Denver lawmaker wants speedy scooters off sidewalks

A City Council committee will take up the issue on Monday.
3 min. read
A scooter-er rides along Brighton Boulevard, Five Points, Sept. 24, 2019. (Kevin J. Beaty/Denverite)

What can Denver do to make rentable e-scooters and e-bikes safer for riders, pedestrians and everyone else?

That’s the question Denver City Council members will take up Monday when Councilmember Chris Hinds presents his vision for a new set of scooter rules. 

His hope: Spark discussion, and get policy passed before Denver renews its contracts with Lime and Bird, which run the city scooter fleets.

A few of Hinds’ ideas:

  • Mandatory sidewalk riding technology that limits where people can ride and how fast they can go on sidewalks.
  • Mandatory dock zones where scooters must park, instead of allowing people to leave them blocking sidewalks and more.
  • Education about the rules and reporting about crashes and rule violations

He also wants council to discuss sobriety tests, ID requirements, and fines for riding and parking in the wrong place or violating the speed limit. 

The ideas are in their early stages, but Hinds says city and company officials sound interested.

Cities like Chicago, San Francisco, Seattle, and Washington DC have recently passed new regulations on scooters. Denver, as he sees it, needs to catch up. His residents are regularly demanding it. 

Scooter debate is nothing new in Denver.

Micromobility drama has raged across the city since Lime surprised the city’s transportation department by dropping off dockless electric scooters on the city’s sidewalks without any sort of plan back in 2018 — a move that led to this cranky tweet from the city’s public works department at the time:

“No, @limebike did not work with us on this launch. We were not notified of their plans to deploy in our community today until a couple of days ago. We are concerned about the use, placement, & quantity of these scooters operating on Denver's sidewalks where we see a lot of peds.”

The city may have grumbled, but the scooters came anyhow. 

The city has seen more than 23 million scooter rides since 2018 — nearly half of those trips replacing cars, according to a presentation Hinds will deliver to the committee.  

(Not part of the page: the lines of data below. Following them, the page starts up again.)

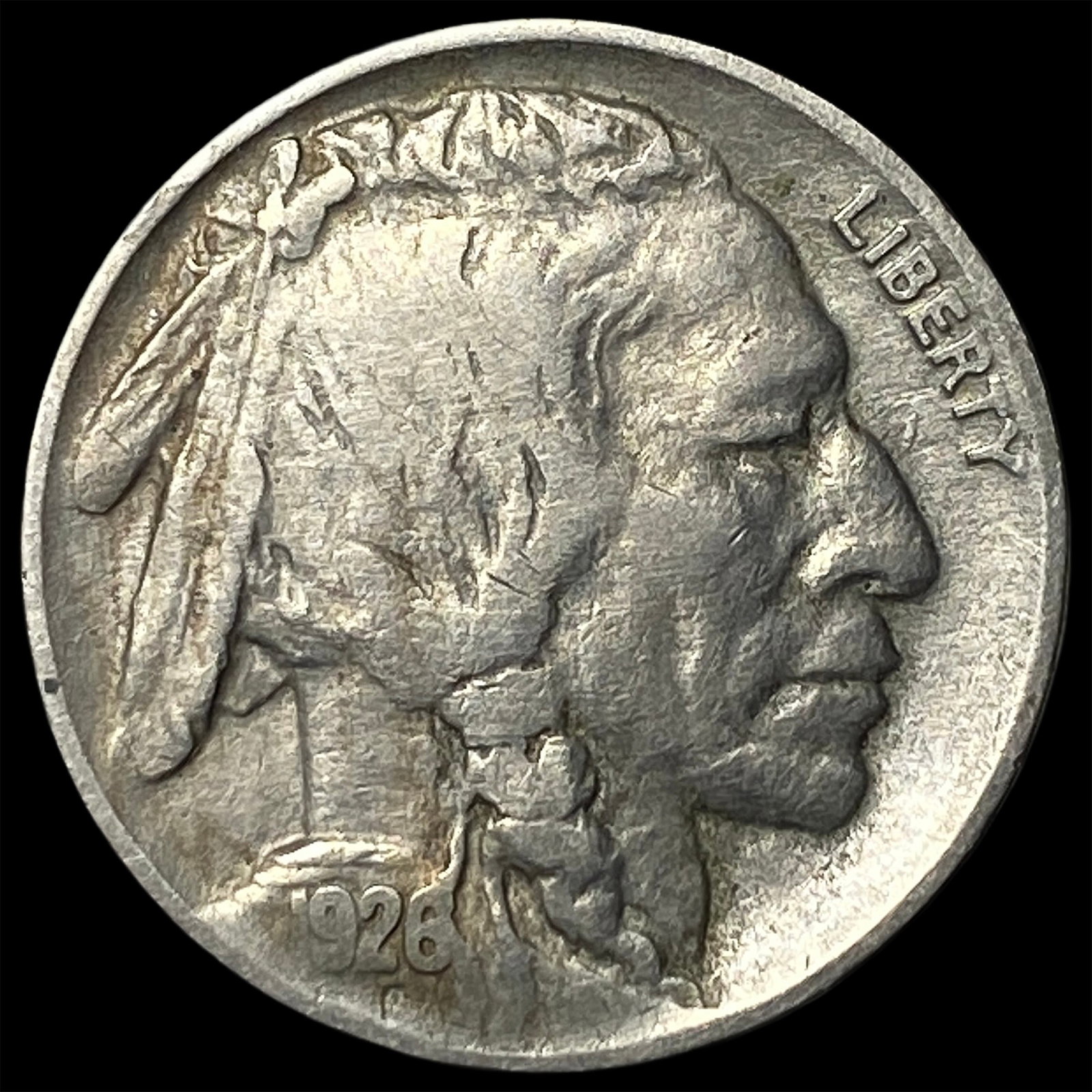 1926-D Buffalo Nickel LIGHTLY CIRCULATED: 1926-D Buffalo Nickel LIGHTLY CIRCULATED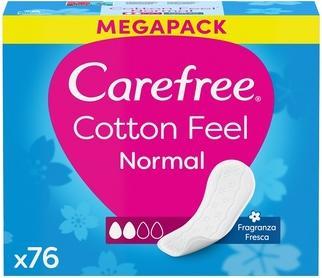 Produktbild Carefree Hygenic Cotton Fresh Insoles 76Pcs (76 x)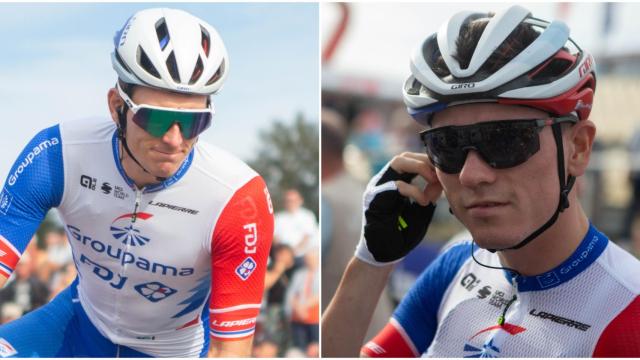 Arnaud Demare y David Gaudu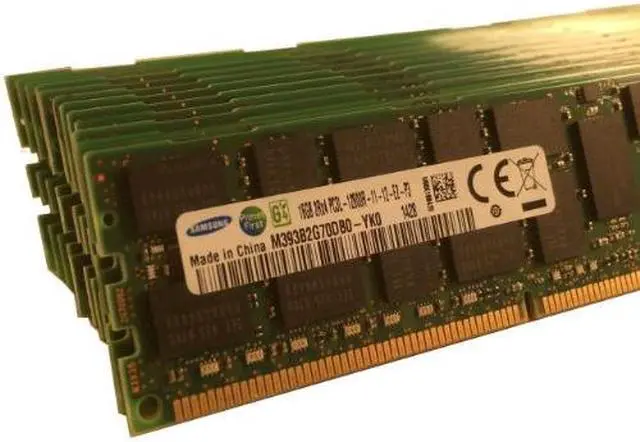 Alt view image 4 of 4 - (NOT FOR HOME PC!) 192GB (12 x 16GB) HP Memory For Proliant DL320 DL360 DL370 DL380 ML330 ML350 G6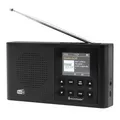 Produktbild: SOUNDMASTER DAB165SW Schwarz DAB+ Radio (UKW-RDS, Akku, USB) #1906836
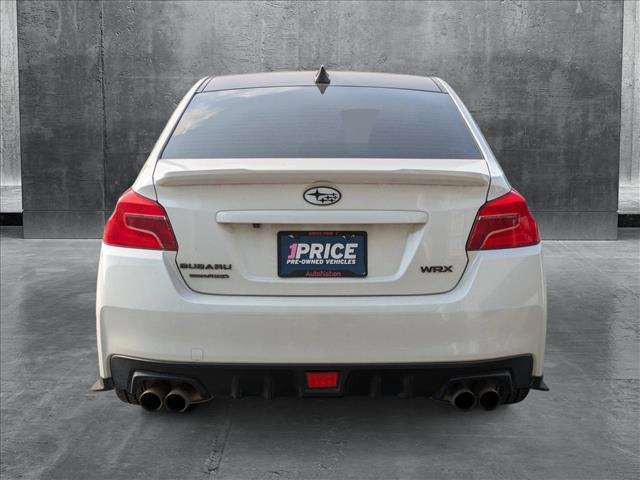 used 2016 Subaru WRX car, priced at $16,559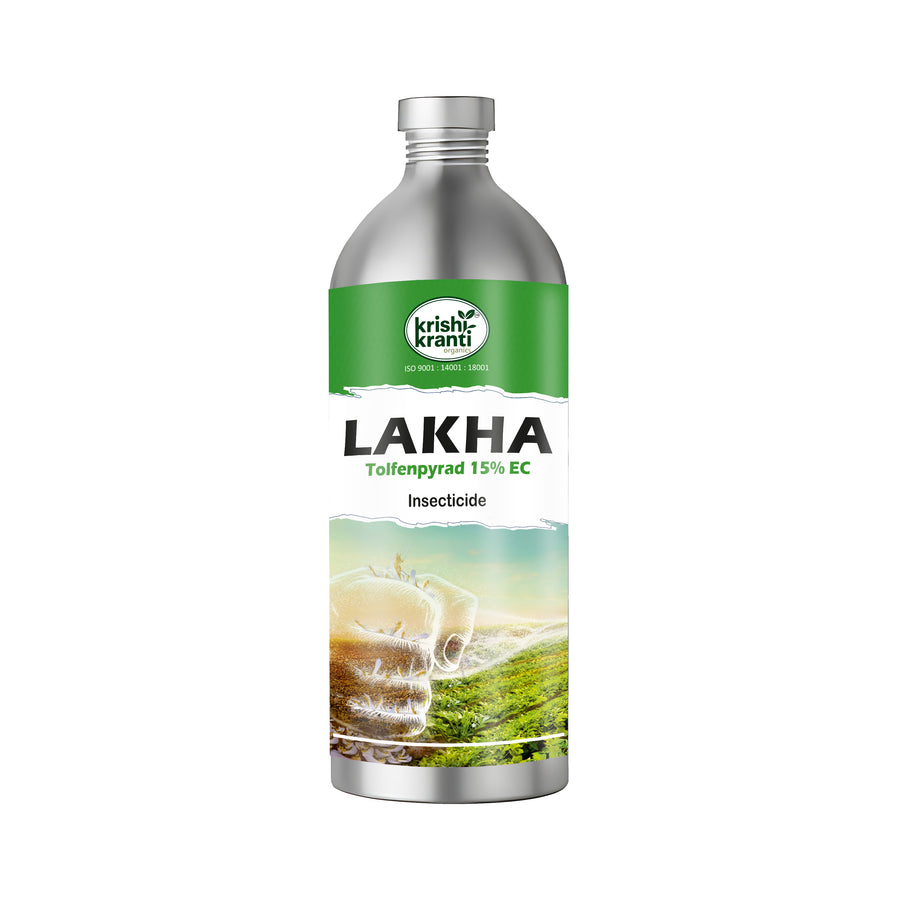 Krishikranti LAKHA Tolfenpyrad 15% EC Insecticide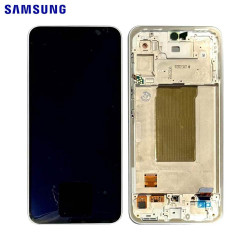 Ecran Tactile Original Samsung Galaxy A36 5G A366 GH82-36841B Blanc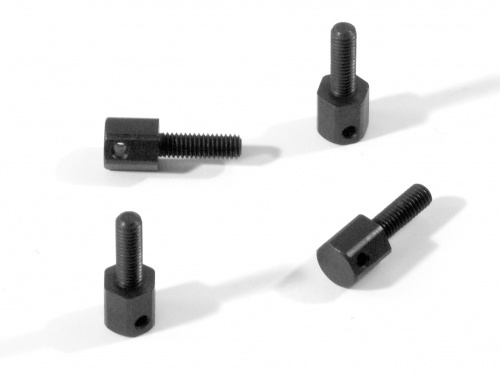 HPI Z305 - Screw Post M3x15mm 4pcs (Pro4, Cyber 10B)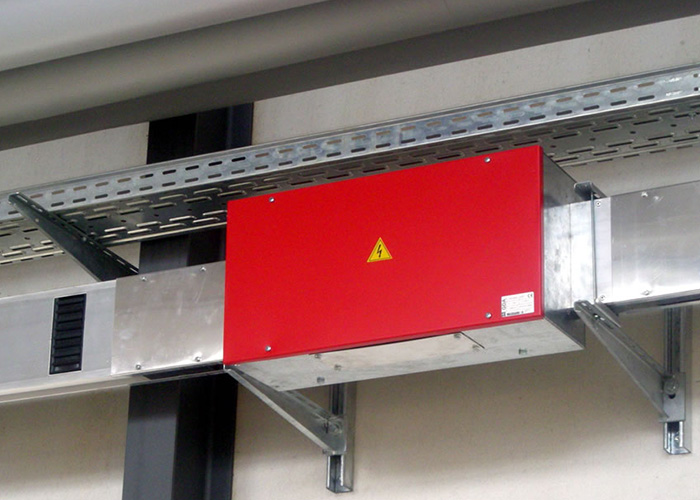 EMS VisionRail busbar system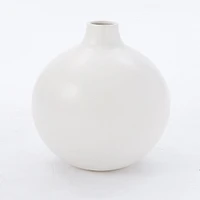 Oversized Pure White Ceramic Collection | West Elm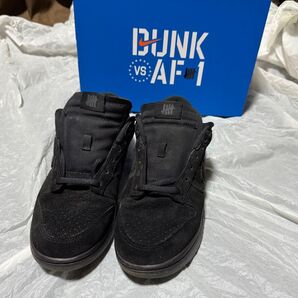 UNDEFEATED NIKE DUNK LOW SP 5 ON IT 28.5 Black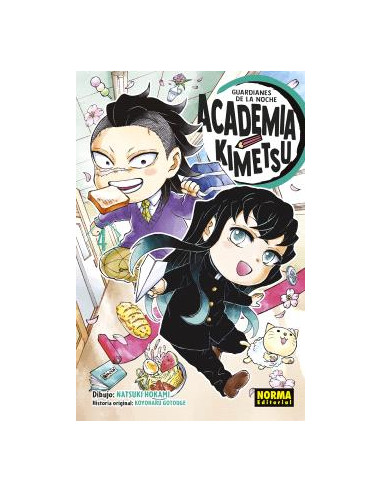 Guardianes de la noche. Academia Kimetsu 04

In the years since,  Denver lawmakers have been figuring out how to handle all the problems scooters have brought: blocked sidewalks, injured pedestrians and scooter-ers in hospitals or worse. 

In 2018, the city issued an order threatening to remove any scooters Lime and Bird left in the public right of way. At other times, they were treated like toys and mandated to stay on the sidewalks, Hinds said. Later, they were treated like bikes and banned from the sidewalks in most instances.

Hinds has been talking about the issue since at least 2022 and initially presented ideas for this round of scooter reforms over the summer.

Scooters bring serious issues to the city. 

When improperly parked, they block pedestrians and make it virtually impossible for people using wheelchairs to get from Point A to Point B. 

Last year, Denver Health alone reported 1,962 scooter-related incidents. The average cost per visit: $19,419.59. 

On average, the hospital was seeing more than five scooter-related visits a day – higher than in previous years. 

The highest number of ER visits take place on Saturdays and Sundays between 11 a.m. and 6 p.m.